The first production de Havilland DH.106 Comet 1, G-ALYP, in formation with the two prototypes, G-ALVG and G-ALZK. G-ALYP also broke up in flight, 10 January 1954. (Ed Coates Collection)
The first production de Havilland DH.106 Comet 1, G-ALYP, in formation with the two prototypes, G-ALVG and G-ALZK. (Ed Coates Collection)

10 January 1954: British Overseas Airways Corporation Flight 781 departed Ciampino Airport, Rome, Italy, at 0931 UTC, enroute to Heathrow Airport, London, England. The airliner was the first production de Havilland DH.106 Comet I, G-AYLP, serial number 06003. The flight crew were Captain Alan Gibson, First Officer William John Bury, Engineer Officer Frances Charles McDonald and Radio Officer Luke Patrick McMahon. There were two flight attendants, Frank L. Saunders and Jean Evelyn Clark, and 29 passengers. After departure began climbing toward its cruise altitude of 27,000 feet (8,230 meters).

At 0951 UTC, 20 minutes after takeoff, Captain Gibson was conversing by radio with another BOAC flight.

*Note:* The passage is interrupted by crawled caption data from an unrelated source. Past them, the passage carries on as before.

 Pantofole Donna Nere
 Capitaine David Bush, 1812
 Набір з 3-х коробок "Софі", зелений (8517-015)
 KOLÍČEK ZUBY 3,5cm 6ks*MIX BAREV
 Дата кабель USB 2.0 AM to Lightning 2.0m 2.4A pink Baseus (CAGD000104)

It is presumed that Flight 781 had reached its cruise altitude. Captain Gibson was heard to say, “George How Jig from George Yoke Peter [the phonetic alphabet call signs for Argonaut G-ALHJ and Comet G-AYLP] did you get my—” and the transmission suddenly ended. Nothing more was heard from Flight 781 and it did not arrive at its destination.

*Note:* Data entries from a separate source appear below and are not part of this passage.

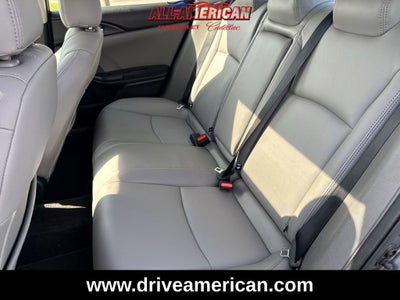 2017 Honda Civic Sedan EX-T
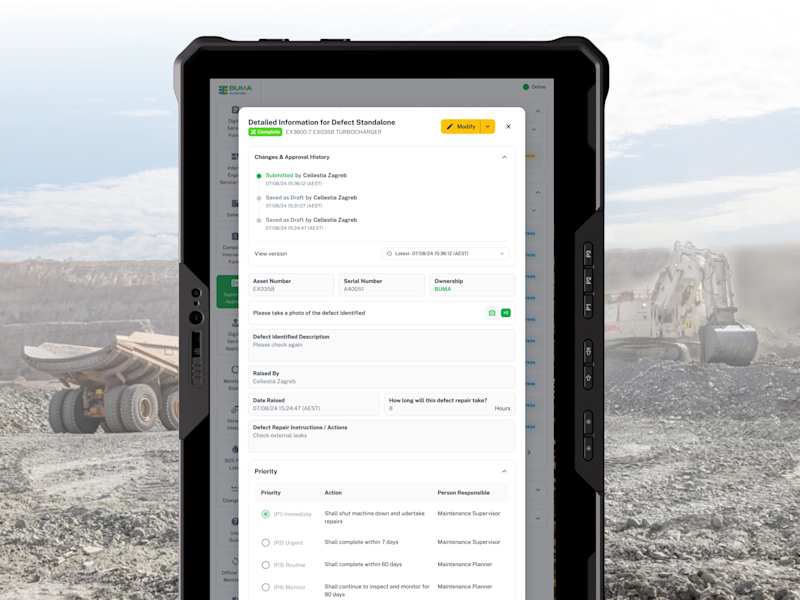 Cover image for IronForms • Advanced Maintenance Forms for BUMA Australia
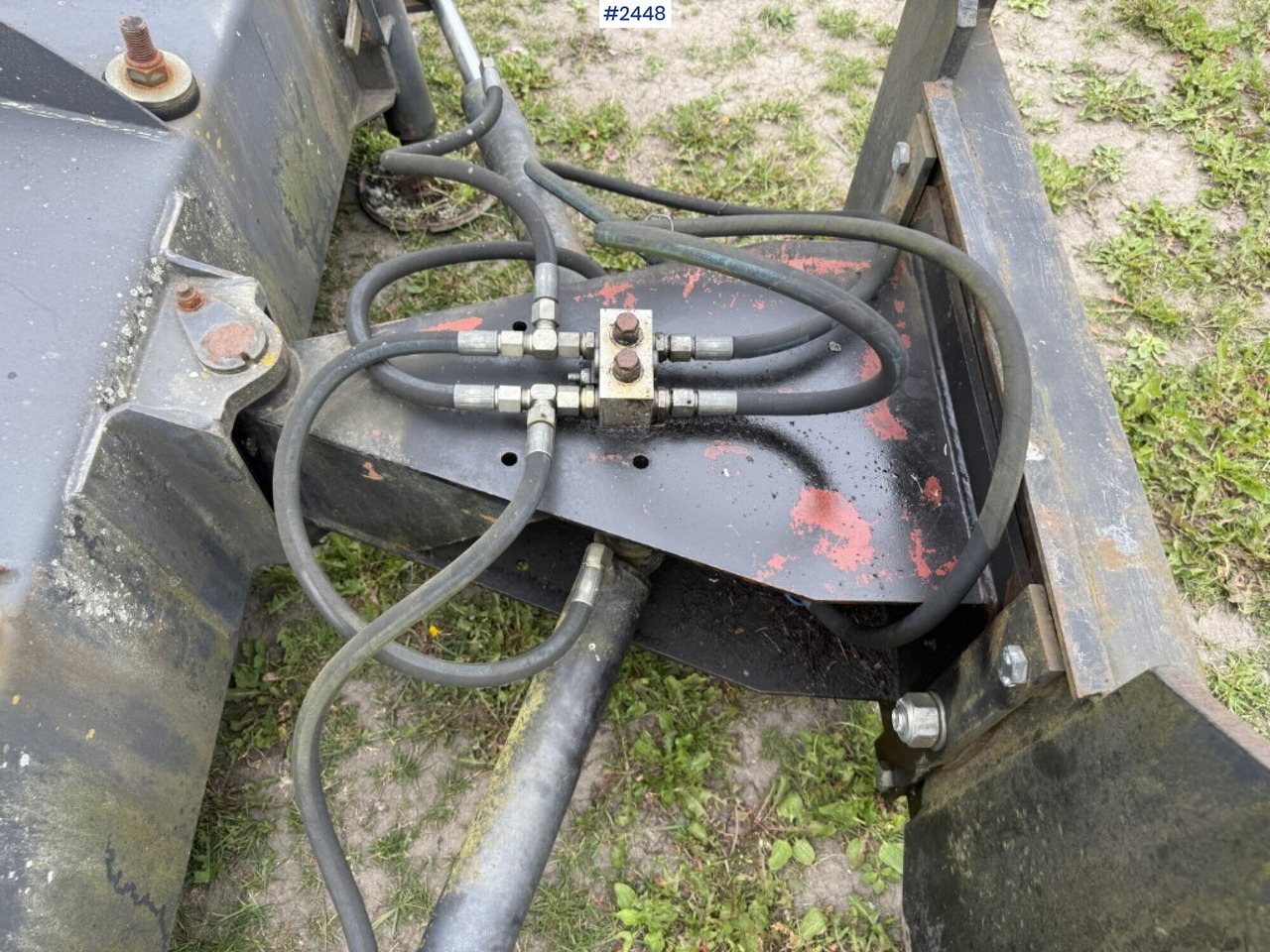 Sněžný pluh Diagonal plow 2.8m large bm: obrázek 9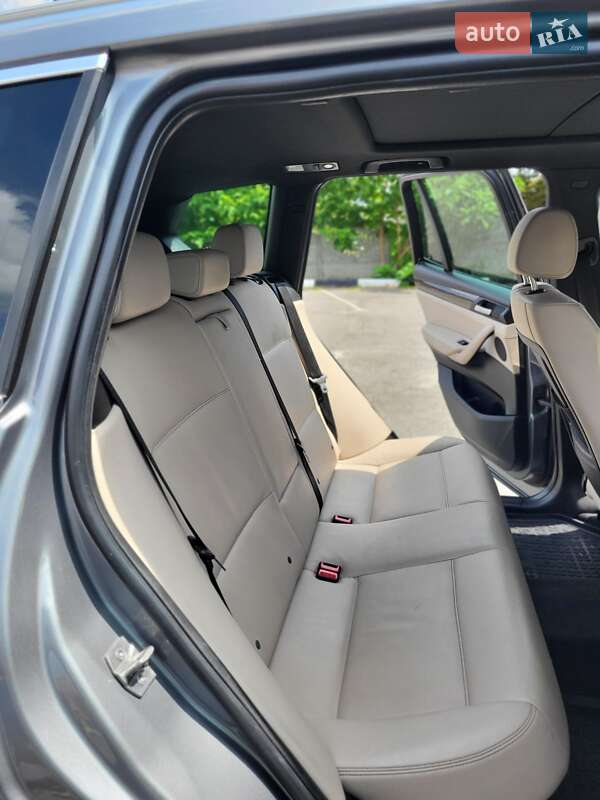 Внедорожник / Кроссовер BMW X3 2012 в Ивано-Франковске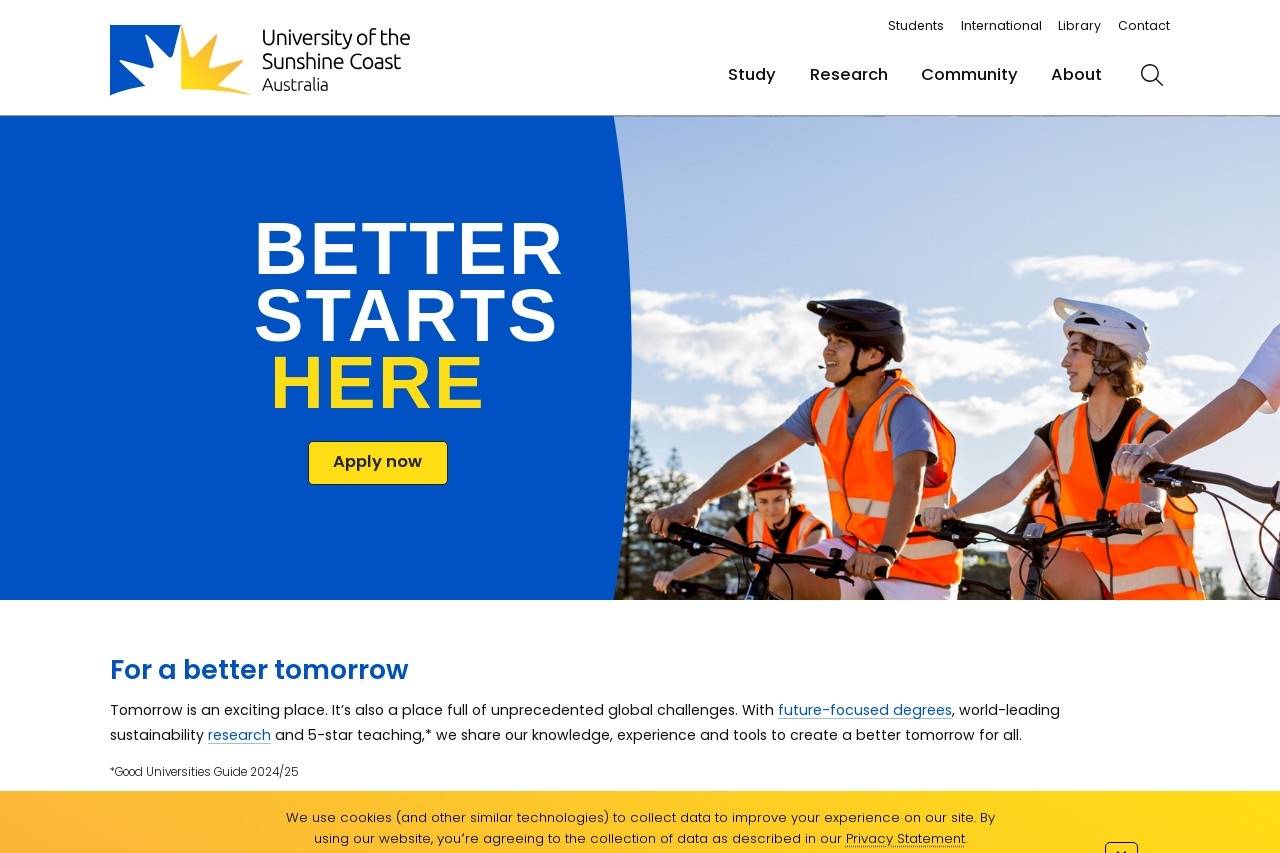 University of the Sunshine Coast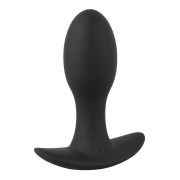 Anos Opladelig Buttplug med Vibrator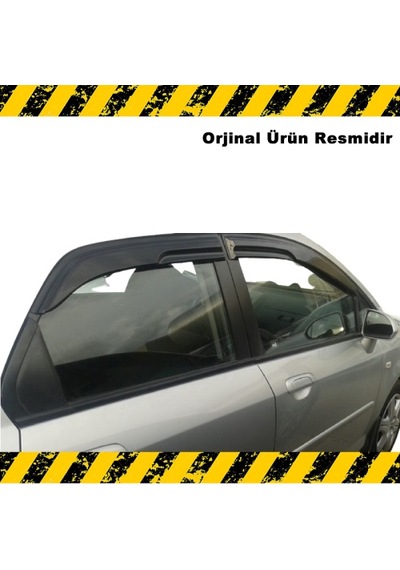 Honda City Mügen Cam Rüzgarlığı 2006-2009 Arası 4 Lü Set N11.6162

Several fishermen had seen the airliner crash into the Mediterranean Sea near the island of Elba and recovered bodies of the victims, which were found to have suffered the effects of explosive decompression.

Wreckage of Comet G-AYLP was found on the sea floor, 12 February 1954, and it was apparent that the airliner had broken up in flight. Consideration was given to the possibility of a bomb having been placed aboard, or that an uncontained turbojet engine failure had penetrated the pressure cabin resulting in a structural failure of the fuselage through explosive decompression.

De Havilland Comet 1 G-AYLP (Crash-aerien)
De Havilland Comet 1 G-AYLP (www.crash-aerien.news)

After two prototypes, G-AYLP was the first production Comet. It was the fourth DH.106 to be lost in just over fourteen months. With the cause of Flight 781’s crash undetermined, B.O.A.C. grounded its remaining Comet airliners. De Havilland engineers recommended more than 60 modifications to improve perceived weaknesses in the Comet fleet.

Extensive testing by the Royal Aircraft Establishment determined that the Comet’s pressurized fuselage could be expected to fail from metal fatigue after 1,000 pressurization/depressurization cycles. G-AYLP had experienced 1,290 pressurization cycles during the 3,681 hours it had flown since its first flight, 9 January 1951.

The Royal Aircraft Establishment placed DH.106 Comet I G-AYLU in a water tank to conduct pressurization tests. (lessonslearned.faa.gov)
The Royal Aircraft Establishment placed DH.106 Comet I G-AYLU in a water tank to conduct pressurization tests. (lessonslearned.faa.gov)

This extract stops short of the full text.